他猛地呛气,再睁眼时,人已经躺在老家炕上。
土坯墙,旧木柜,窗台上摆着干瘪的玉米,一股久不住人的霉味混着灶灰味。
是他小时候的家。
是他娘的家。
“醒了?”
门口传来一声很轻、很平的声音。
他娘端着一个豁口的黑碗,慢慢走进来。
没有血,没有狰狞,没有血泪。
穿的还是那件灰扑扑的旧褂子,头发梳得整整齐齐,脸上皱纹一道一道,和他记忆里一模一样。
可曹顺江浑身汗毛一下子竖起来。
说不上来哪里不对,就是不对。
她走得太轻了,像飘。
步子不大,却一瞬间就到了炕边。
脸上带着一种……常年吃素、常年念佛、常年心硬如铁的平静。
不是和善,是没有波澜的冷漠。
“渴了吧,喝点水。”
她把黑碗递过来。
碗里不是粥,不是水。
是半透明、微微发浑的液体,像羊水,像久放的血水,又像泡过什么东西的汤。
里面浮着几根细如发丝的东西,看不真切。
曹顺江喉咙发紧,不敢接。
他娘也不逼,就那么端着,垂着眼,安安静静地看着他。
房间里静得能听见灰尘落下的声音。
“当年那个,本来就留不得。”她忽然开口,声音轻得像自言自语,
“是个丫头。
来了,也是吃闲饭、拖累人。”
她说得太自然了,自然到像在说“今天天冷”。
曹顺江缩在炕角,后背贴着冰凉的土坯。
他这才看清——
他娘的手指。
不是粗粝干活的手,是苍白、过长、指节微微扭曲,像泡胀了,又像多了几节。
指甲盖泛着淡淡的青。
她还在笑,是那种嘴角微微上扬的笑,很标准,很慈祥。
可眼睛里没有光。
不是瞎,是空。
像两口深不见底的洞。
“你做得对。
跟她睡一个屋,跟她过日子,多累啊。”
她往前倾了倾身,气味更近了。
不是老人味,是土腥、霉、和淡淡的胎气混在一起的味道。
“那个丫头,你咒走得好。
她本来就不该来。
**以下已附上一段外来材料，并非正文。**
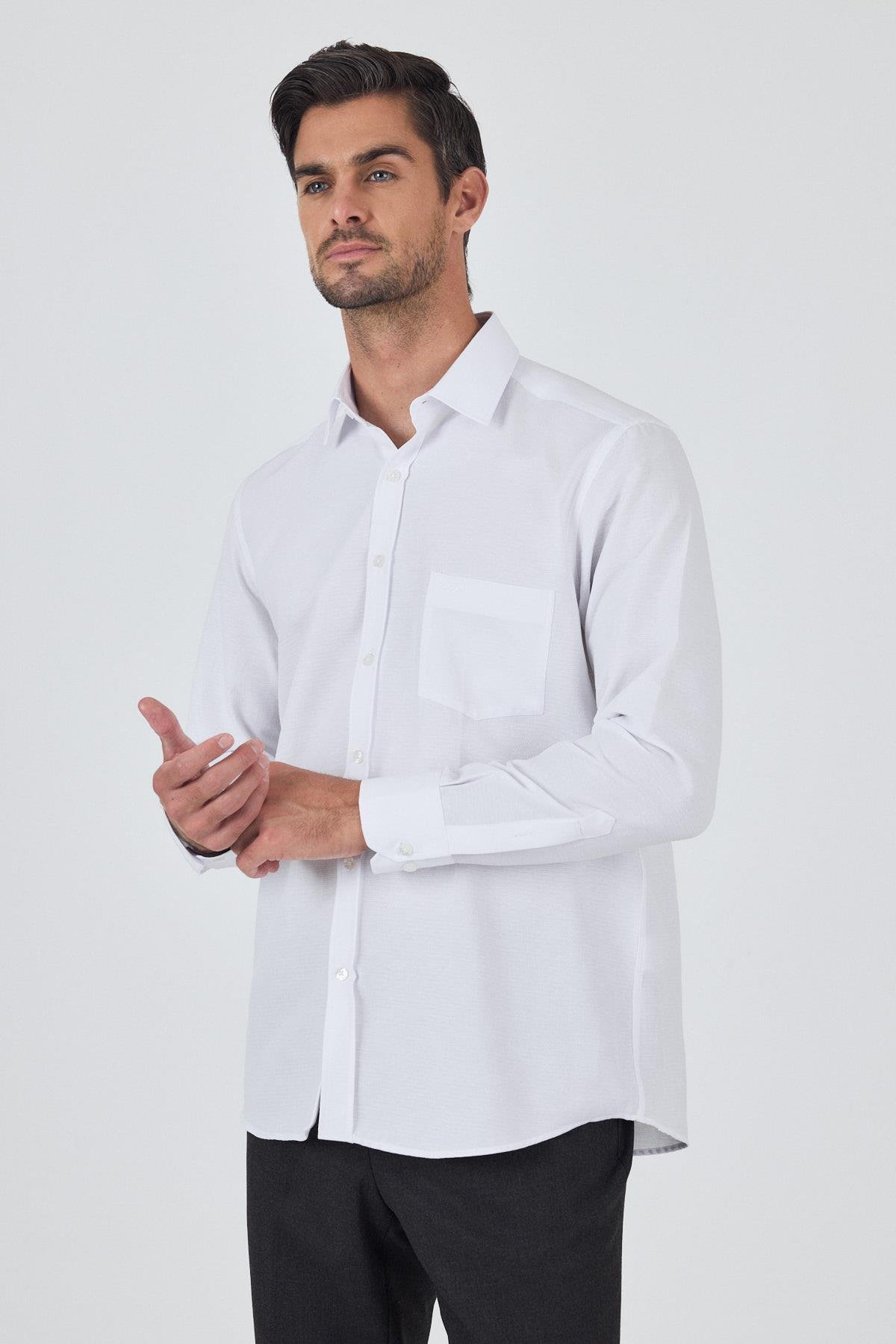İMZA Uzun Kol Desenli Armürlü Sert Yaka Cepli Pamuklu Classic Comfort Fit Büyük Beden Gömlek 1004250187 görsel 2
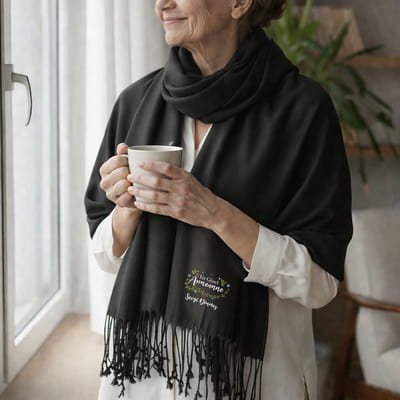 Anneanneye Anneler Günü Hediyesi Kişiye Özel Dokulu Şal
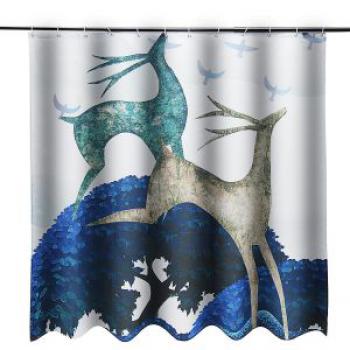 180x180cm Shower Curtain Digital Printing Cartoon Reindeer Waterproof Polyester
”
她伸出那只苍白过长的手,轻轻摸向曹顺江的头。
动作很慢,很轻,很“慈母”。
可曹顺江浑身僵住。
他看清了——
她胳膊伸得太长了。
长到不符合人体。
长到像没有骨头。
指尖快要碰到他额头的那一刻,他忽然发现:
整个房间在缩小。
墙在一点点往中间挤,柜子在变形,窗户越来越小,越来越暗。
像被一只巨大的、看不见的东西,慢慢攥紧。
他娘还在笑,还在轻声说:
“别走了。
在家待着。
丫头走了,媳妇也走了,
就剩咱娘俩了。”
她的手轻轻落在他脖子上。
不重,不掐,只是贴着。
冰凉。
曹顺江张不开嘴,发不出声。
他看着眼前这个“娘”——
像人,像妈,像记忆里那个重男轻女、冷酷又理直气壮的老人。
可又不是人。
是某种披着人皮、藏在他最熟悉、最不敢反抗的影子里的东西。
是他一辈子的恐惧源头,
是默许他杀死女胎的人,
是他所有恶的起点。
现在,它要把他吞回肚子里。
“睡吧。”
“睡着了,就不疼了。”
脖子上的力道,一点点收紧。
.
他再次“惊醒”,一睁眼,又回到看守所硬板床上。
铁门吱呀一声,看守的手电光照进来。
新一轮,开始了。
.
暖融融的堂口依旧飘着花生香,阳光渐渐西斜,透过窗棂洒下的光影淡了几分。
于德强刚从警方那边回来,手里攥着个笔记本,一进门就拉过椅子坐下,先喝了口胡三姑娘递来的热茶,就着屋子里的热气给自己解了解冻。
缓了一会儿后,于德强才开口,给众人转述警方那边的进展:“警方这边查得差不多了,保险单、曹顺江的浏览记录、案发现场的残留痕迹都固定得差不多了,警方本来打算今天下午再提审曹顺江。”
“还以为会是一块难啃的硬骨头,没想到那小子异乎寻常的配合。”
于德强的语气听起来有点困惑。
显然困惑的不止他一个。
“配合?”狐青筠停下和柳叶的闲聊,挑眉问道,“他之前不还装模作样编瞎话吗?怎么突然配合了?”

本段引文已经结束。